Washington Post • 10 Best Graphic Novels of 2022
A vibrant and informative debut with “great documentary power” (Alison Bechdel), Fine is an elegantly illustrated celebration of the transgender community.
As graphic artist Rhea Ewing neared college graduation in 2012, they became consumed by the question: What is gender? This obsession sparked a quest in which they eagerly approached both friends and strangers in their quiet Midwest town for interviews to turn into comics. A decade later, this project exploded into a sweeping portrait of the intricacies of gender expression with interviewees from all over the country. Questions such as “How do you Identify” produced fiercely honest stories of dealing with adolescence, taking hormones, changing pronouns—and how these experiences can differ, often drastically, depending on culture, race, and religion. Amidst beautifully rendered scenes emerges Ewing’s own story of growing up in rural Kentucky, grappling with their identity as a teenager, and ultimately finding themself through art—and by creating something this very fine. Tender and wise, inclusive and inviting, Fine is an indispensable account for anyone eager to define gender in their own terms.
About the Author
Rhea Ewing (they/them) is a comic illustrator and fine artist who graduated from University of Wisconsin–Madison with a BFA in drawing and printmaking. They currently live in California, taking artistic inspiration from the state’s diverse landscapes.
A stunning graphic novel about gender expression from people all over the country.

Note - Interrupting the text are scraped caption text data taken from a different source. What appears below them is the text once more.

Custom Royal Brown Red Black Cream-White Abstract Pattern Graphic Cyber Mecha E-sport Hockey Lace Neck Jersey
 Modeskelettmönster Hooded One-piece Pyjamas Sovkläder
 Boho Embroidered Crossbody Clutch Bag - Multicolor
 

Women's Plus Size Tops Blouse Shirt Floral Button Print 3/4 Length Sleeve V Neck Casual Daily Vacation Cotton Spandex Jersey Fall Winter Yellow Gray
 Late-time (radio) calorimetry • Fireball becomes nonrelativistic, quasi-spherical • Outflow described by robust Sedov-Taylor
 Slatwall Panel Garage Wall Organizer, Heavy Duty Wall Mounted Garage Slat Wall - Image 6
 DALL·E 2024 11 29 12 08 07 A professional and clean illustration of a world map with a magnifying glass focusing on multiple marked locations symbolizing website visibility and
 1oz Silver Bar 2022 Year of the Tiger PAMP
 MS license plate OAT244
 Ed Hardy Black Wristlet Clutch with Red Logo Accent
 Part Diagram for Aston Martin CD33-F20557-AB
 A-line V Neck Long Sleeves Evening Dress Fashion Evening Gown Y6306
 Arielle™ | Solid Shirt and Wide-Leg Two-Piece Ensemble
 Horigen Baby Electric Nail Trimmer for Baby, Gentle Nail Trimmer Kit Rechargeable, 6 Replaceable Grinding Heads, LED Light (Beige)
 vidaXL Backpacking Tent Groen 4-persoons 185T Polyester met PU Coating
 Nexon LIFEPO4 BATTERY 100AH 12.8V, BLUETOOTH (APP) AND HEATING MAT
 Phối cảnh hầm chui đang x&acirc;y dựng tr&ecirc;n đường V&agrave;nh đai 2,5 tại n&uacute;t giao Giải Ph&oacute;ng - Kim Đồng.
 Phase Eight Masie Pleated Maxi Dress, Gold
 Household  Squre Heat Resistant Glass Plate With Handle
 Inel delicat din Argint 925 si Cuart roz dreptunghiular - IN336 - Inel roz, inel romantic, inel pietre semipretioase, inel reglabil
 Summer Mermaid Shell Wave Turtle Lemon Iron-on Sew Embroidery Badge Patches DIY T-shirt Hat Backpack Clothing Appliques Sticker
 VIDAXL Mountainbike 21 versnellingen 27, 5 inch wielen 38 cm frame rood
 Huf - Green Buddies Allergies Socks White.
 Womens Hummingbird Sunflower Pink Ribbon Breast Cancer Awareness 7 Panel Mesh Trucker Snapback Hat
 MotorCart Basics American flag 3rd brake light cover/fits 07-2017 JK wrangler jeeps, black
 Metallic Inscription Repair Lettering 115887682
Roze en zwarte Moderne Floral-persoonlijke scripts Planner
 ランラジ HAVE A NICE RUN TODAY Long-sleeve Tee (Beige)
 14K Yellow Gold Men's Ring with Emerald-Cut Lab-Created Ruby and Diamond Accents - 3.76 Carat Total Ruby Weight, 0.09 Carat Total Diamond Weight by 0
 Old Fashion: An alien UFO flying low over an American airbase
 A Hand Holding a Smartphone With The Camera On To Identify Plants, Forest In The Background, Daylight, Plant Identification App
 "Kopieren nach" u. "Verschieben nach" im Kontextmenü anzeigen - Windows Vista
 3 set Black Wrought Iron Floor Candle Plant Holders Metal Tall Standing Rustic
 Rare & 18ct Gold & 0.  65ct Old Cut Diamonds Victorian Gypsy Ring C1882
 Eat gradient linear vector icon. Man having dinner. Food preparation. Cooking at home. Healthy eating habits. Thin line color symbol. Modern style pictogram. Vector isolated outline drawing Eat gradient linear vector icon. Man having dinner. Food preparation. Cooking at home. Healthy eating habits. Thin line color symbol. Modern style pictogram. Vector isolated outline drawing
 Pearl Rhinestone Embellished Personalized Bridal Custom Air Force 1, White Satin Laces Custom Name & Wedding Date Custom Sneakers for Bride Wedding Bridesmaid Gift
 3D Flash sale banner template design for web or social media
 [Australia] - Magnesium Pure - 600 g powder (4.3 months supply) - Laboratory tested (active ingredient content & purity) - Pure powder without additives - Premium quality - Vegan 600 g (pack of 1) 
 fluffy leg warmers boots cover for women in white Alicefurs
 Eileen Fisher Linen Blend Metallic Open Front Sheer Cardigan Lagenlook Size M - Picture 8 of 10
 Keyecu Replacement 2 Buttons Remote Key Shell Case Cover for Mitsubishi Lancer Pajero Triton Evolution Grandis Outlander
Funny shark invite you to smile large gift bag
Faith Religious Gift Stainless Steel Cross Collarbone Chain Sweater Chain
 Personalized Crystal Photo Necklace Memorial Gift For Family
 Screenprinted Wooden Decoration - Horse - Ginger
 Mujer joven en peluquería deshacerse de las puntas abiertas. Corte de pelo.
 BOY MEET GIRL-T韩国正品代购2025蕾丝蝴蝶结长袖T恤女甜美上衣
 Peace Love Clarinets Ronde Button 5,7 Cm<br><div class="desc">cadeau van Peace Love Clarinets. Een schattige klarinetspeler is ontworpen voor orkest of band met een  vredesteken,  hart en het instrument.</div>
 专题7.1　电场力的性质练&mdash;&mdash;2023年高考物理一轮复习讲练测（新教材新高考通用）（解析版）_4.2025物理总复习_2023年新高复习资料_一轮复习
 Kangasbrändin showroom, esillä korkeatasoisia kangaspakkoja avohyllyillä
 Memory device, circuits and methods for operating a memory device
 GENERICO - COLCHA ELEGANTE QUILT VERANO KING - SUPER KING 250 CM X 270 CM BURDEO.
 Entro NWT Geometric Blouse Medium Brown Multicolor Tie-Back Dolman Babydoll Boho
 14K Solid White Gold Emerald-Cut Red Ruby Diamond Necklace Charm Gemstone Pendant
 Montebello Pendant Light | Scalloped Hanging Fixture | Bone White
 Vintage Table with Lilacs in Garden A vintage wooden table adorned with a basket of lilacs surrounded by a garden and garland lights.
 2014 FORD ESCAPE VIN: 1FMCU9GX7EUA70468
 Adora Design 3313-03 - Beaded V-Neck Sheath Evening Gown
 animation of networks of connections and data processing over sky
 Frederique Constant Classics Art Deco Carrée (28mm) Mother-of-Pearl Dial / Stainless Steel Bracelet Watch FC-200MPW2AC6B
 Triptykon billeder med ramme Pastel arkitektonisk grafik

— Karla J. Strand - Ms. Magazine
In Ewing’s ambitious debut, they conduct and draw dozens of interviews over a decade to chart the murky waters of gender.... The scope demonstrates the diversity of experiences and personal relationships to gender within the trans community; some participants hold concrete ideas, while others describe gender and its performance as “loose” and celebrate its contradictions and complexities.... Each section (titled “Masculinity,” “Expression,” “Body Feelings,” and so forth) opens with an expressionistic, tone-setting splash page, and the portraiture art is clean-lined but nuanced enough to handle the diversity of characters.... This thought-provoking work will appeal to those seeking a robust, personal exploration of how gender shapes lives.
— Publishers Weekly, starred review
In their debut book, Ewing offers a timely, educative, and vividly rendered illustrated portrait. . . The author deftly assembles the most resonant responses, showing the participants generously discussing how gender is interconnected with race, culture, and sexuality; how it moves far beyond conventional masculine and feminine designations; and how embracing fluidity can be liberating and transformative regardless of social norms of appearance and behavior, many of which are constrictive and damaging. . . Ewing presents a uniquely straightforward, unembellished amalgam of narrative and illustration, smoothly braided with their own personal journey. The instructive yet never heavy-handed narrative boldly shows how identity is intimately interpreted and how connections with others can fortify perceptions and perspectives. A vital, richly textured resource for anyone seeking a better understanding of gender identity.
— Kirkus Reviews, starred review
[A] wondrous tapestry of personal reflections and meditations on how people view subjects like gender, masculinity, femininity, and community . . . Ewing’s art beautifully reflects the individuality and wishes of their subjects . . . Recommended for everyone who cares about better understanding the complicated, varied, gorgeous mess that is gender.